Neurofilament proteins are cylindrical proteins that are expressed in large caliber myelinated axons. They provide a structural backbone to neuronal cytoskeleton and determine axonal diameter; hence, they are markers of neuroaxonal injury and insult to brain in multiple conditions, including but not limited to multiple sclerosis (MS), Alzheimer’s Disease, and Amyotrophic Lateral Sclerosis etc1. Neurofilament proteins consist of subunits known as neurofilament light-chain (NfL), medium-chain (NfM), heavy-chain (NfH), α-internexin, and peripherin. Specifically in MS, Elevated NfL levels in blood or cerebrospinal fluid (CSF) correlate with gadolinium-enhancing lesions, T2 lesion volume, and progression of disability based clinical scales including but not limited to Expanded Disability Status Scale, and response to Disease Modifying Therapy1.
Neurofilament levels can be measured in CSF and blood (serum or plasma). Although CSF levels are approximately 40 times higher than blood, the invasive nature of CSF collection makes it less practical to use for monitoring response of therapy or relapse. In past few years, the NfL protein has gained attention as commercial vendors worked on regulatory approval of this assay for MS as an aid in the detection of disease activity. Roche Elecsys NfL assay received US FDA approval and breakthrough device designation in 2023 for the population between 18-55 years old to aid in disease activity for relapsing remitting and secondary progressive MS. Siemens Healthineers NfL Atellica assay received Health Canada approval in 2024 to aid in the detection of disease activity for patients 18-55 years old with relapsing MS. It is important to keep in mind that evidence of the clinical utility of NfL came primarily from Quanterix Simoa assay used in clinical trials. Recent studies comparing commercial assays with the Simoa assay showed variable degrees of bias, specifically, the Elecsys assay demonstrated an 84% negative bias, while the Atellica assay showed a 13% negative bias relative to Simoa. . The degree of proportional bias observed among these commercial assays is due to a lack of standardized reference material, detection methods, and the use of different antibodies2. Both Simoa and Atellica methods use Uman antibodies, suggesting the possible reason of the lesser variability in slope, while no antibody information is available for the Elecsys method2.
Interpretation of NfL is affected by confounders including age, body weight, sex and race, as well as other comorbidities such as diabetes and other neurological conditions5. Previous studies has shown that serum NfL levels rise steadily by 2.2% every year and the slope of increase is steeper between the age of 50-60 years3. While Neurofilament light (NfL) levels in cerebrospinal fluid (CSF) remain unaffected by body mass index (BMI)3, blood-based concentrations (serum/plasma) are significantly influenced by BMI , and must be accounted for when interpreting serum or plasma results. When baseline sNFL are not available, transformation of absolute value to z-scores or percentiles can begin to reliably correct for confounding factors.

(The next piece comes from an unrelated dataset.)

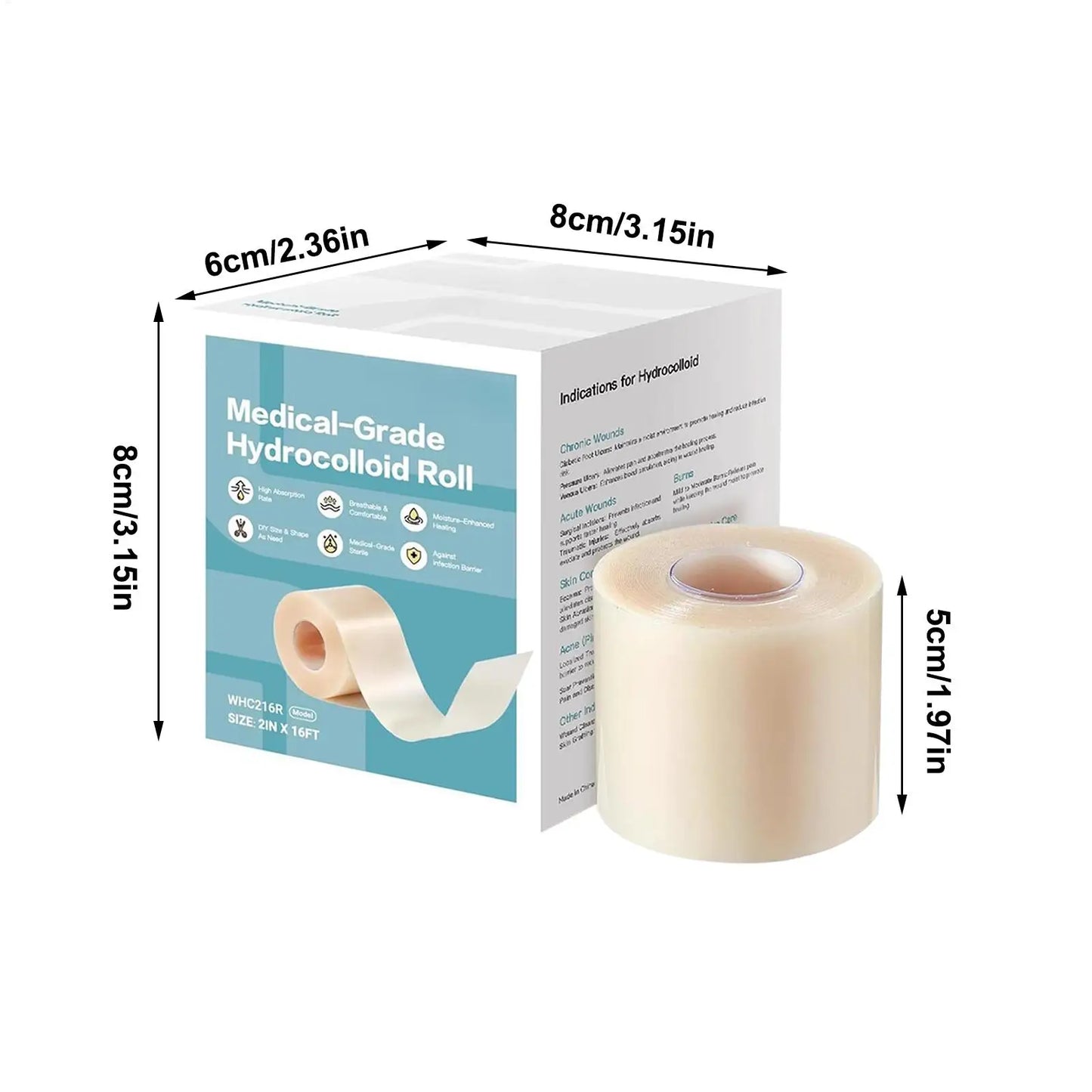 16.4ft Hydrocolloid Bandage Roll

Previously, an NfL reference database has been designed by a Swiss group4 to adjust BMI and age adjusted sNFL percentile value and z-score in both adult5 and pediatric populations6. Scores and percentiles (considered interchangeable) are drawn from the control population and have been validated in controlled trials as a way to express deviation from normal, adjusting for age and BMI. A previously published study suggested if z-score>1.25, odds ratio (OR) of worsening of disease is 2.28 while with a z-score>1.75, OR is 3.85 in MS7. Any z-score >1.5 and ≤2 (97.7th percentile) suggests NfL is elevated while z-score >2 indicated NfL concentration is strongly elevated7. It is important to keep in mind the original reference database was based on the Simoa assay. Importantly, the previous version of the Simoa assay (Simoa® NF-lightTM V1) has been used to derive the reference database. This has been replaced by a new version (Simoa® NF-lightTM V2) and may require a conversion factor for future studies.

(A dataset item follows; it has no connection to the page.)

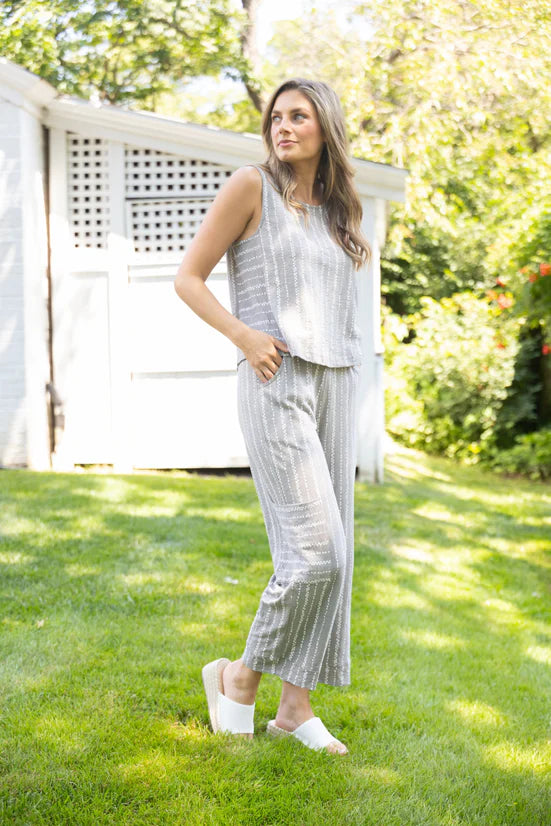 Driftwood Stripe Harborside Tank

Another clinical interpretation can be provided by calculation of the reference change value, a significant change of NfL concentrations between patient’s two samples using biological variation in accordance with EFLM biological variation database and assay’s analytical performance7. For instance, assuming an 8.6% within-subject variation (from the EFLM database) and an analytical variation of 6-7%, the change needed between consecutive measurements to exceed both biological and analytical variation and thus be clinically relevant is approximately 23-31%. This value should be calculated by an individual laboratory with consideration to their own instrument’s typical analytical variation.
In summary, until the assays are standardized, assay-specific reference intervals provide valuable information to interpret the results, but additional information on age and BMI-adjusted and z-score reference values for vendor-specific assays will help in the additional clinical interpretation of the assay.